WORK REQUIRED
In your copy, leave out the pictures and repeat the entries below exactly.

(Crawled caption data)

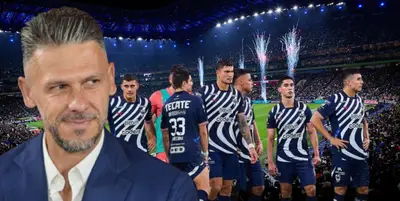 Demichelis junto a futbolistas de Rayados / FOTO GETTY IMAGES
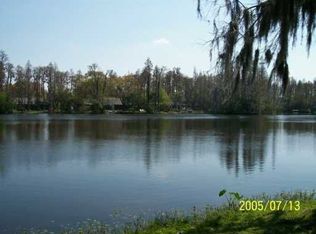 18900 Arbor Dr, Lutz, FL 33548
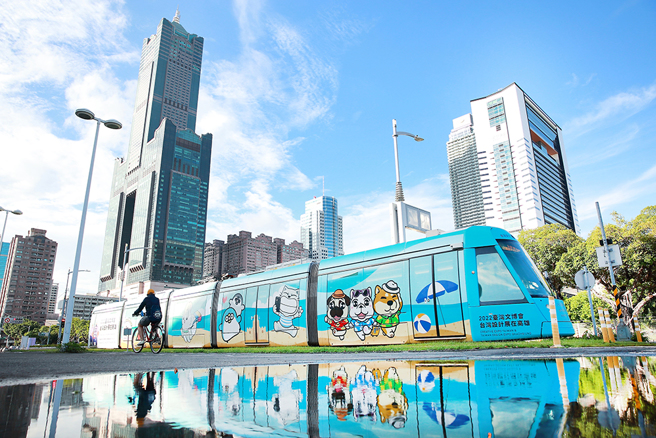 7月上路的「聊疗号」彩绘列车，以高雄创作者的贴图角色彩绘轻轨车身，展现海派热情，为「台湾IP‧高雄原创」成功打响第一炮。(摄影/Carter)
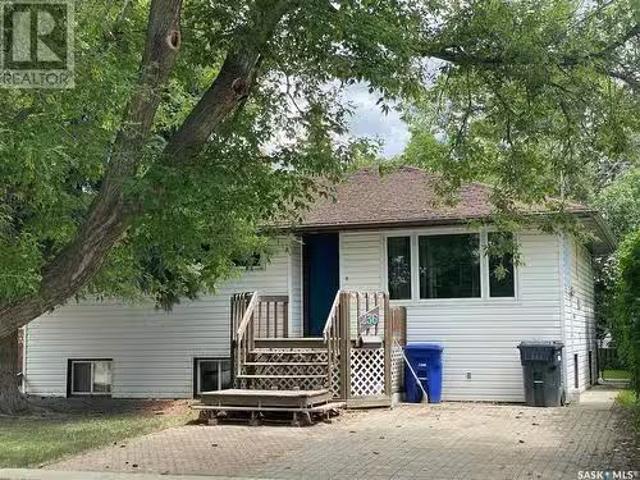 House for sale in Weyburn, Saskatchewan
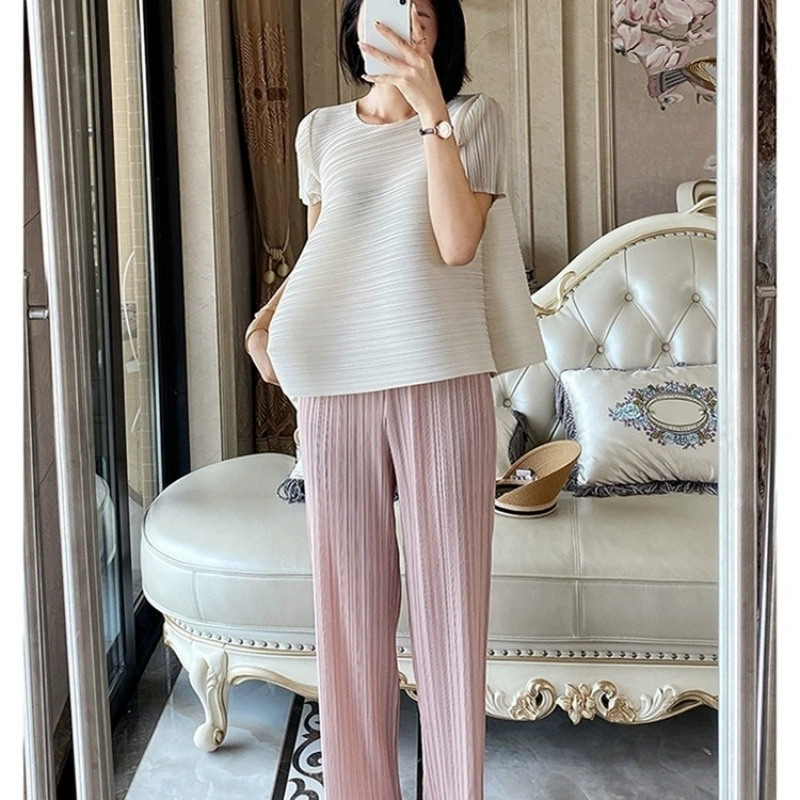 Летний стиль 2025 года: стильная асимметричная повседневная модная футболка с красивым скошенным краем и коротким рукавом, прямые поставки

REPLY
 Demichelis junto a futbolistas de Rayados / FOTO GETTY IMAGES
 18900 Arbor Dr, Lutz, FL 33548
 7月上路的「聊疗号」彩绘列车，以高雄创作者的贴图角色彩绘轻轨车身，展现海派热情，为「台湾IP‧高雄原创」成功打响第一炮。(摄影/Carter)
 House for sale in Weyburn, Saskatchewan
 Летний стиль 2025 года: стильная асимметричная повседневная модная футболка с красивым скошенным краем и коротким рукавом, прямые поставки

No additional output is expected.